In the sketch below, we illustrate the differences between several $1MM death benefit term policies. As we’ve said before, we recommend buyers evaluate multiple policies before buying. Notice how six different carriers were evaluated, and we look at scenarios for both 10- and 20-year time periods.

Through this diligent exercise, we were able to determine the policy that was most suitable.

lifeinsurance,policies,investment,blendedproducts

Unfortunately for the insurance sales person, the commissions on term life are much lower than whole life or the other flavors listed above — and therefore that sales person in the vast majority of cases will not recommend it. Far better, he or she will say, is to combine it with an investment product!

Who Do You Trust For Insurance Advice?

Although insurance is purchased through an insurance agency, you don’t have to rely solely upon an agent for insurance advice. In fact, the enormous financial incentive the insurance agent stands to receive for selling a complicated policy creates a conflict of interest that precludes the agent from posing as an advisor.

The amount of insurance a consumer may need can be calculated through financial planning tools that your independent advisor should possess.

Most blended products require sophisticated analysis that consumers, on their own, would lack the ability to produce on their own. An advisor at a Registered Investment Advisor (RIA) firm is a fiduciary — a true advisor who is obligated to make decisions placing your best interest in mind before their own.

However, buyers should also be aware that some RIA firm advisors also are licensed to sell insurance or securities as an insurance agent or broker dealer representative (dual-registered), which may impair their objectivity as well.

Summary: Buy on Reasoning, Not Emotion

Life insurance is an inherently emotional product. Emotion and rational analysis are diametric opposites. Insurance against any risk should be purchased only where a rational cost-benefit analysis can be done.
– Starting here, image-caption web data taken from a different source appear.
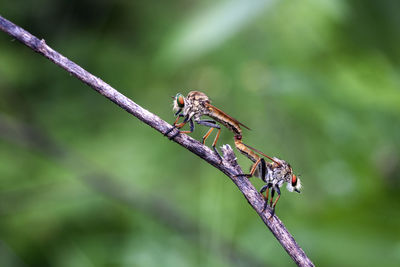 Close-up of insect on plant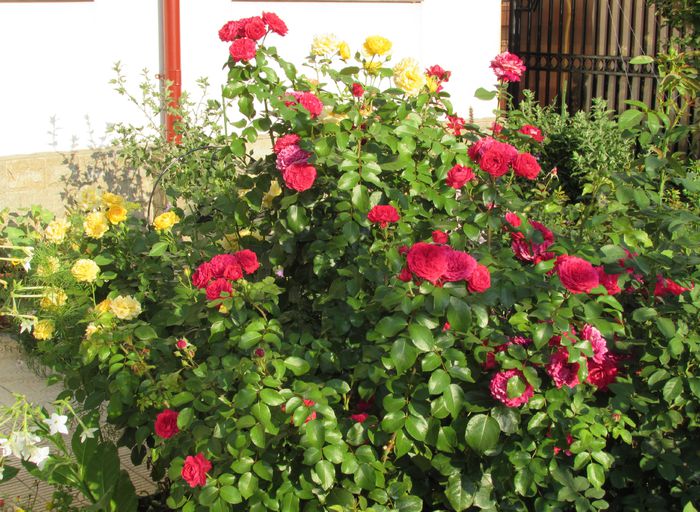 28 iulie - 2015 gradina mea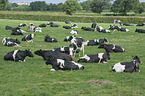 Holstein Friesians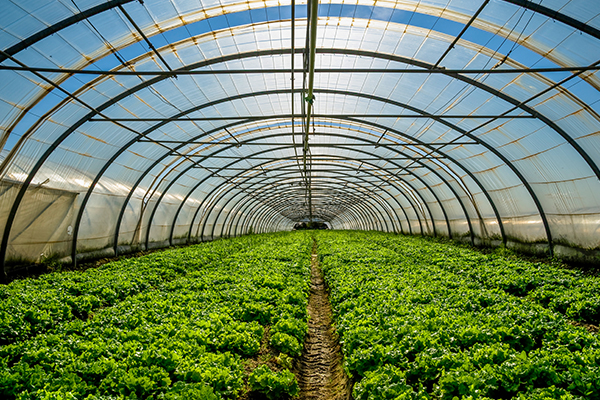 达州乡村振兴 初级农产品销售新篇章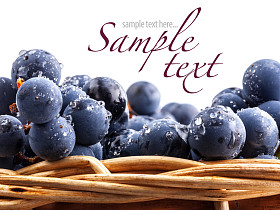 精选的新鲜酸橙和柠檬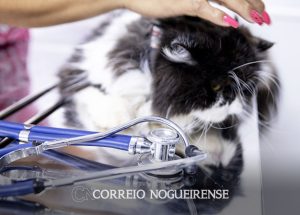 zoonose-de-artur-nogueira-fez-mais-de-45-mil-atendimentos-em-2022-correio-nogueirense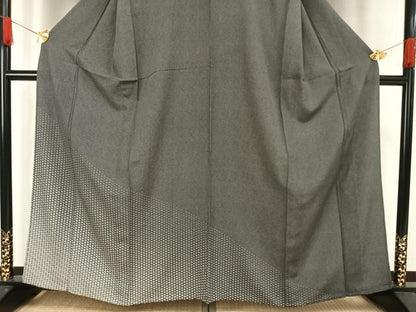 平和屋着物▽訪問着　単衣　江戸小紋　舞花文　角通し　黒地　正絹　逸品　AAAV8518fy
We know better, and we tirelessly work to educate consumers to look past the emotion and to be discerning — as discerning as if they were making any other purchase. We recommend that buyers obtain quotes for multiple policies, and that we take time to discuss and analyze them thoroughly, before a decision is made. If not, then proper due diligence has not been done and there is no way of knowing if the policy makes true sense.

Disclaimers

The tables/figures represented are for informational purposes only. These materials do not constitute financial advice. This piece does not necessarily represent the views of FCE Group. For investment advice, please consult with an investment professional.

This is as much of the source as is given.